IMF cuts forecast for 2012 Mauritius growth


The International Monetary Fund cut its 2012 forecast for economic growth in Mauritius to 3.7 percent from 4.1 percent, citing the need for greater investment and fiscal consolidation.

The Indian Ocean island is pushing to rely less on Europe, its main source of revenue from tourism and a major market for its textile, sugar and services industry, and has been branching into information technology, business outsourcing and offshore banking.
“The challenge for 2012 and beyond will be to maintain growth through increased public and private investment and productivity advances, while continuing medium-term fiscal consolidation to reduce economic vulnerabilities,” IMF mission chief to Mauritius Martin Petri told reporters, Reuters reports.

Tourism still accounts for about 10 percent of the island’s $10 billion economy, however, with European tourists typically making up some two-thirds of visitors.
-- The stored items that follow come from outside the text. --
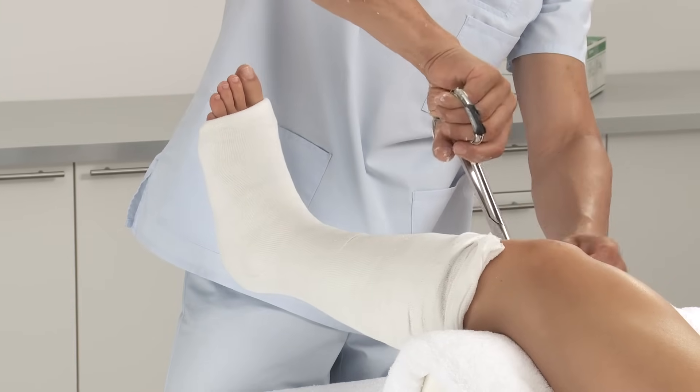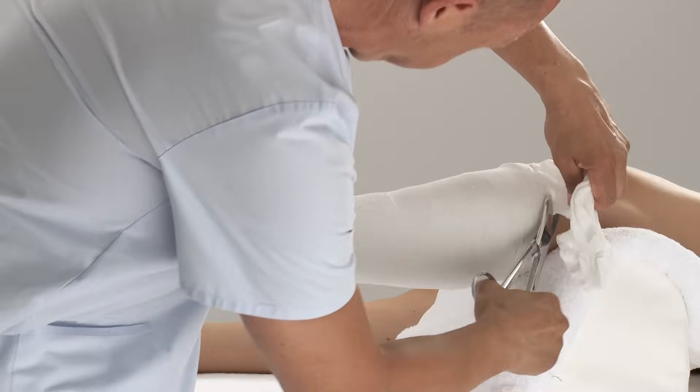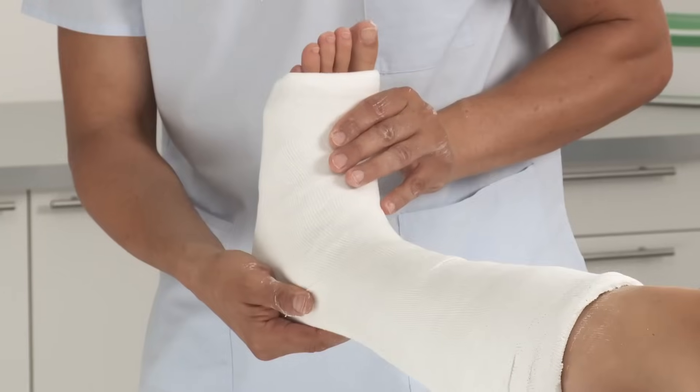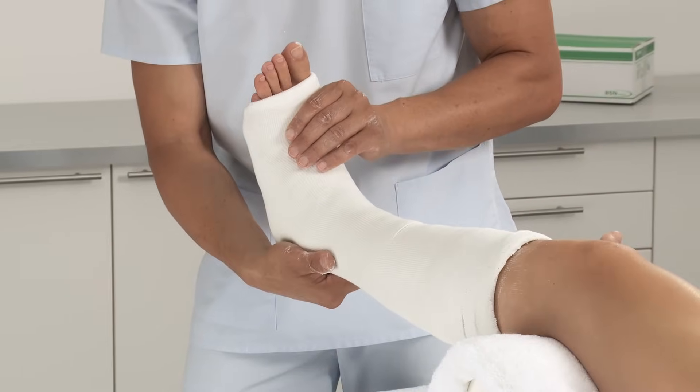Trim any excess. Check the desired range of motion and any points that may cause irritation or pressure. After approximately 3 to 5 minutes, the cast is set and the patient can be released. After 24 hours, the cast is fully set.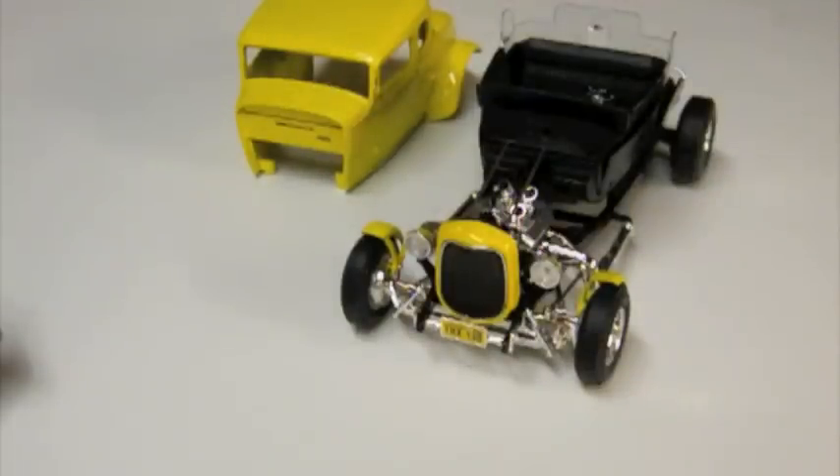The biggest problem that I had with it was the seam in the middle of the body, where the two pieces of the diecast came together. So I decided that since pretty much everything else was done, I would take it apart and fix that one major problem with it, and hopefully have something that I was finally satisfied with.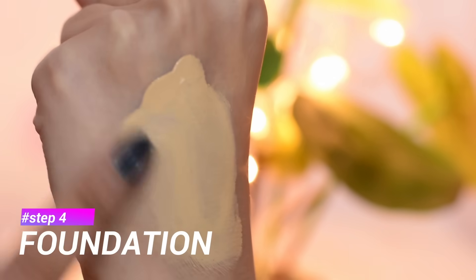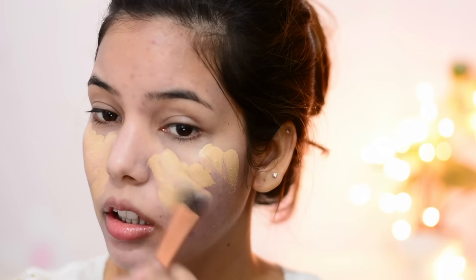For my foundation today I'm using the Ink Lasting Foundation from The Face Shop in shade 23 Natural Beige, which is the darkest shade they have. I got this from South Korea via Cosmetic Love because it's not available in India. I chose this foundation because it's hydrating, the coverage is really good, and it doesn't look flat on the skin. Korean people always go one or two shades lighter than their skin tone.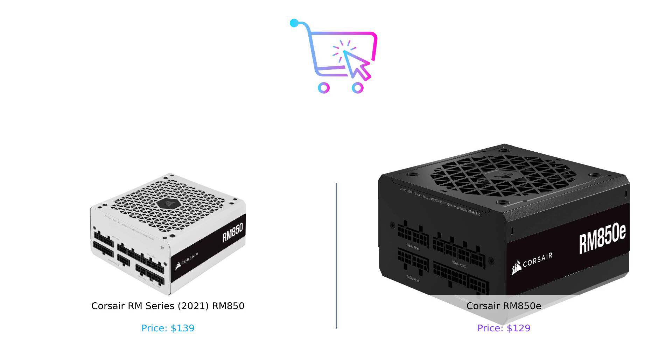Don't forget to like and subscribe for more epic comparisons, and leave a comment below telling us which power supply you'd choose. Your wallet will thank you later. Until next time, keep buying smart.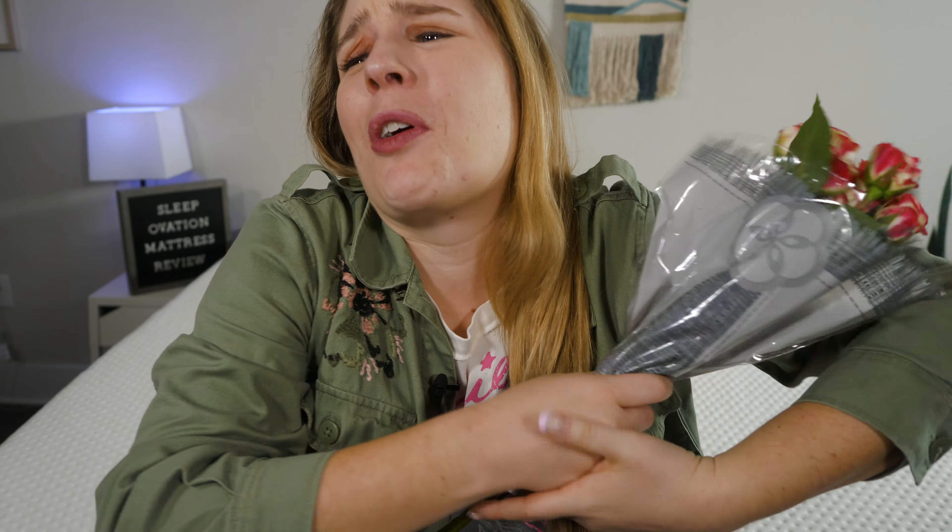To all my adoring fans, I wouldn't be here without you. I adore you so much.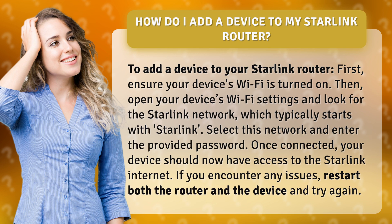Select this network and enter the provided password. Once connected, your device should now have access to the Starlink internet. If you encounter any issues, restart both the router and the device and try again.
In view of the protracted debt crisis in Europe, Mauritius’ government also said it may cut its growth forecast for 2012.
“In line with the gloomier outlook for the world economy, and particularly our main market Europe … This is going to have an effect on Mauritius growth,” Finance Minister Xavier Duval told a business leaders’ meeting.
“We are considering the possibility of issuing a new forecast which might be lower than 4 percent.”
“We are faced with a double-barrel shotgun with the depreciation of the euro, which will affect our companies invoicing in euros, and the loss in consumer confidence in Europe, which will impact on demands for our textile, sugar and services like tourism,” Duval said.
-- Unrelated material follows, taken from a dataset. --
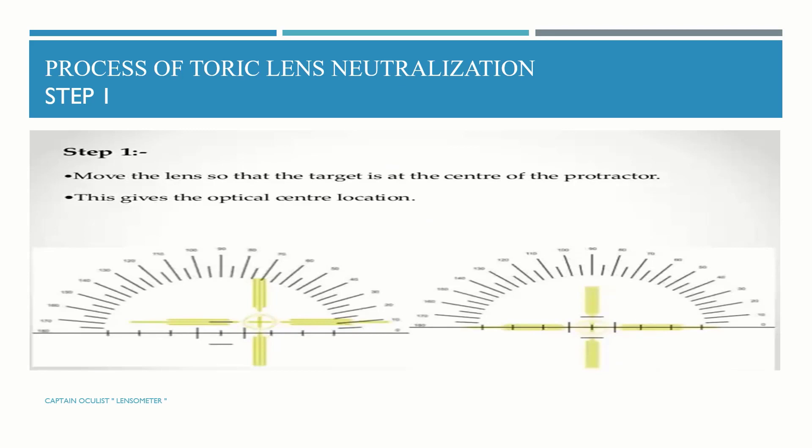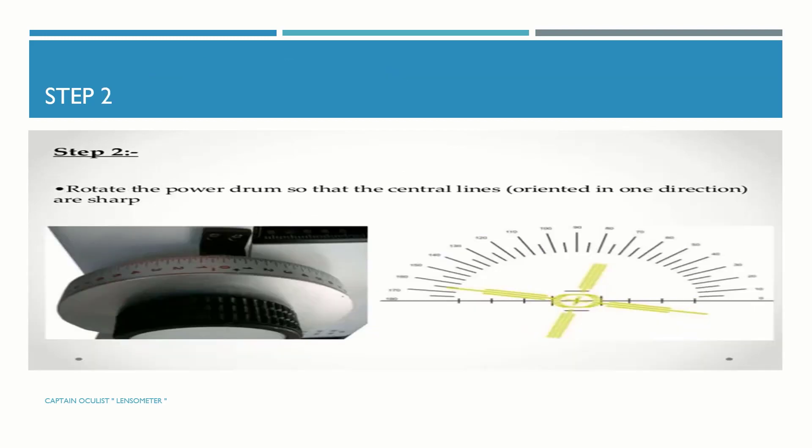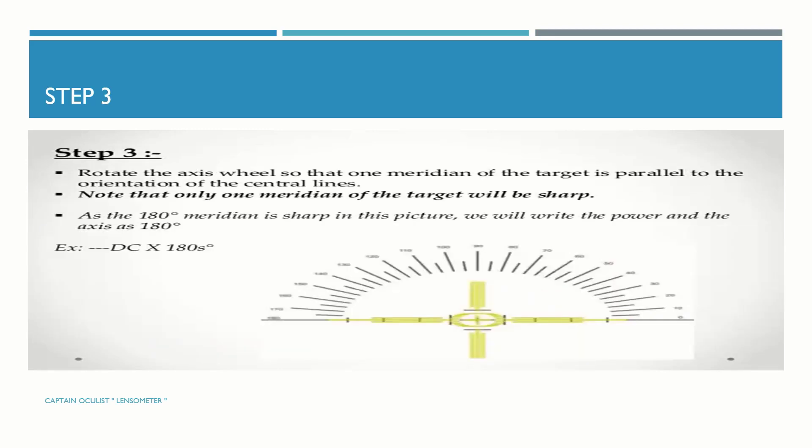The process of toric lens neutralization. Step 1: move the lens so that the target is at the center of the protractor — this gives the optical center location. Step 2: rotate the power drum so that the central line orientation in one direction is sharp. Step 3: rotate the axis wheel so that one meridian of the target is parallel to the orientation of the central lines.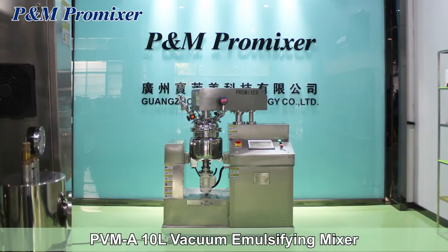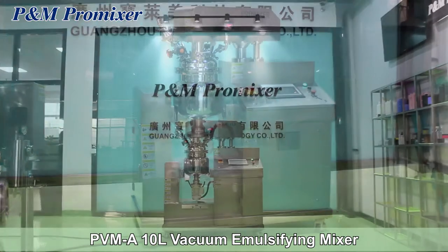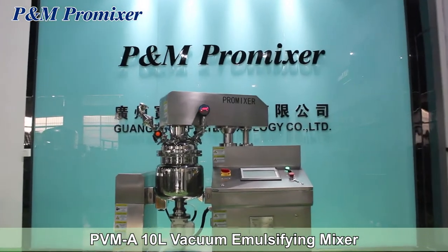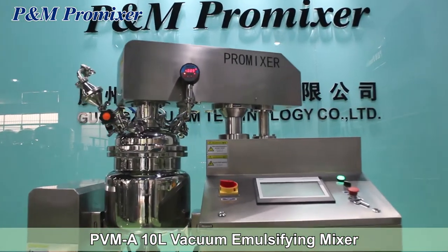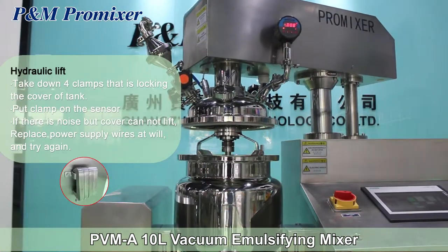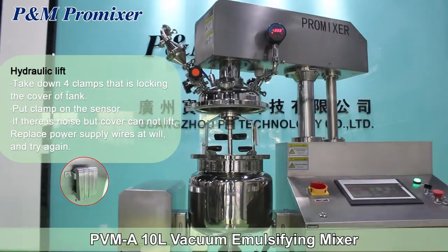PVM, a 10-liter vacuum emulsifying mixer. Hydraulic lift: take down the four clamps that are locking the cover of the tank, then put the clamp on the sensor.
Still, the IMF said it saw the rupee as “broadly in equilibrium”.

It forecast inflation at 5 percent year-on-year in 2012. The country’s average annual rate of inflation fell in December for the first time in 18 months, indicating a possible peak in the rate.
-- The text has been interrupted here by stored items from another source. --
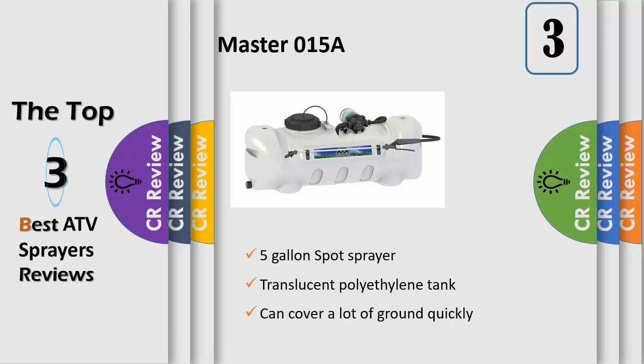Featuring a top-of-the-line 2.2 GPM 12V diaphragm pump. Can be secured to an ATV, four-wheeler, UTV and other commercial vehicles.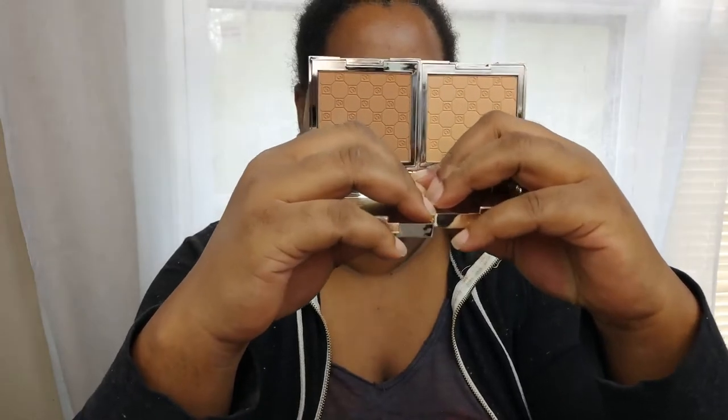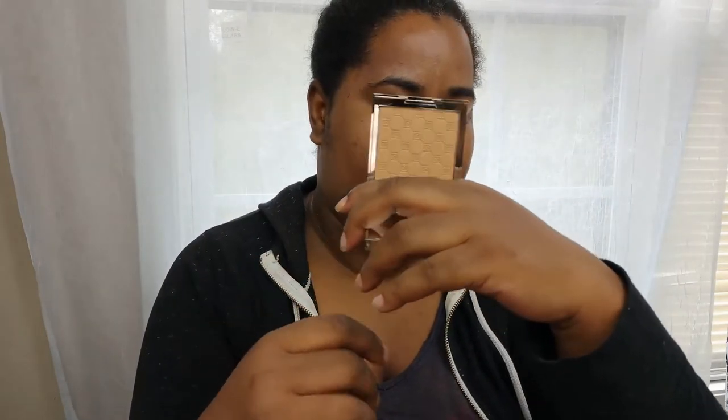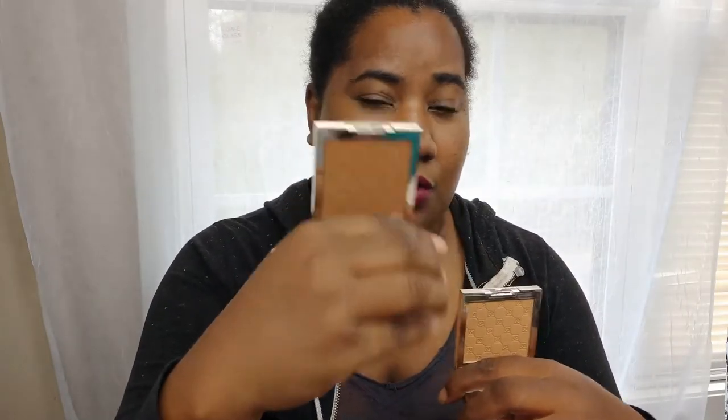Stick around because my first impressions review, demo, and wear test are coming up right after. These two shades on the website are right next to each other, but there's a pretty huge jump in color between them. I'm not sure if these are supposed to be translucent powders or if they have some color to them — tan looks like a warm yellow-undertone shade and dark looks like a deep brown with a neutral undertone.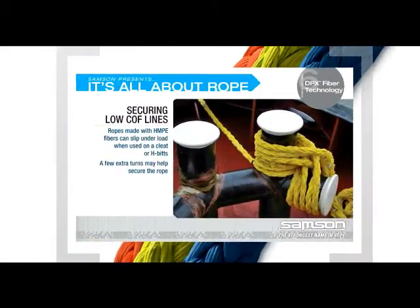While the properties of a rope with a lower coefficient of friction are optimal in many applications, when they are used on a capstan or need to be secured on a cleat or H-bits, they can slip under load. Slipping generates heat, and heat is the enemy of synthetic ropes. A common practice to eliminate the slippage is to wind the rope a few extra turns, but when loads are high in critical applications, a higher coefficient of friction is required.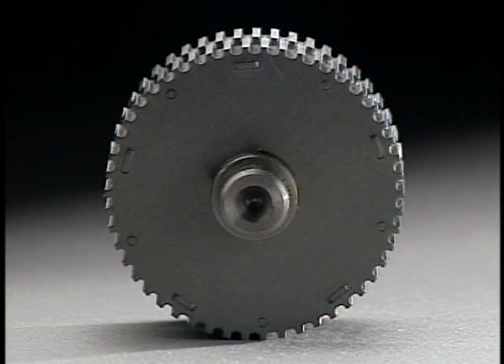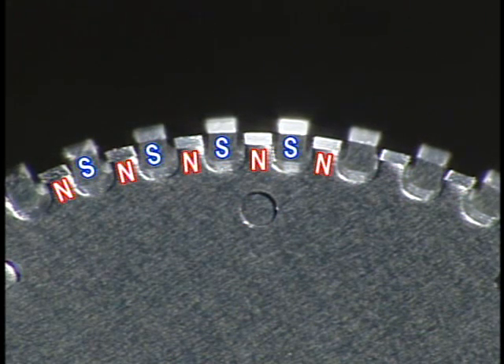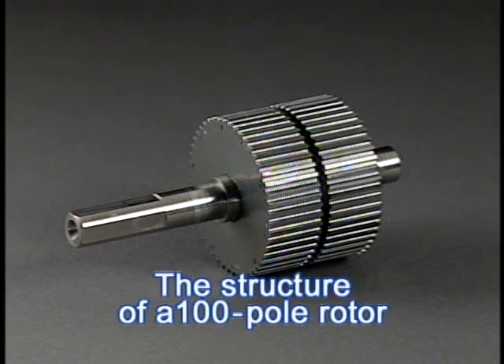When seen from the motor shaft, the teeth are positioned with one tooth shifted, and a pair of north and south poles are alternated in order toward the circumference. The teeth of the north pole are shifted at 7.2-degree intervals, and those of the north and south poles are shifted to half of 7.2 degrees, at 3.6-degree intervals. This structure can be considered equivalent to the structure of a 100-pole rotor.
Separately, Mauritius’s stock exchange said on Wednesday it hopes to introduce trading and clearing of Contracts For Difference on foreign underlying stocks and indices. CFDs are leveraged products that allow investors to speculate on price moves in a security without owning the underlying asset.

The exchange said it would work in the coming months on setting up a regulatory and operational framework for the implementation of the project.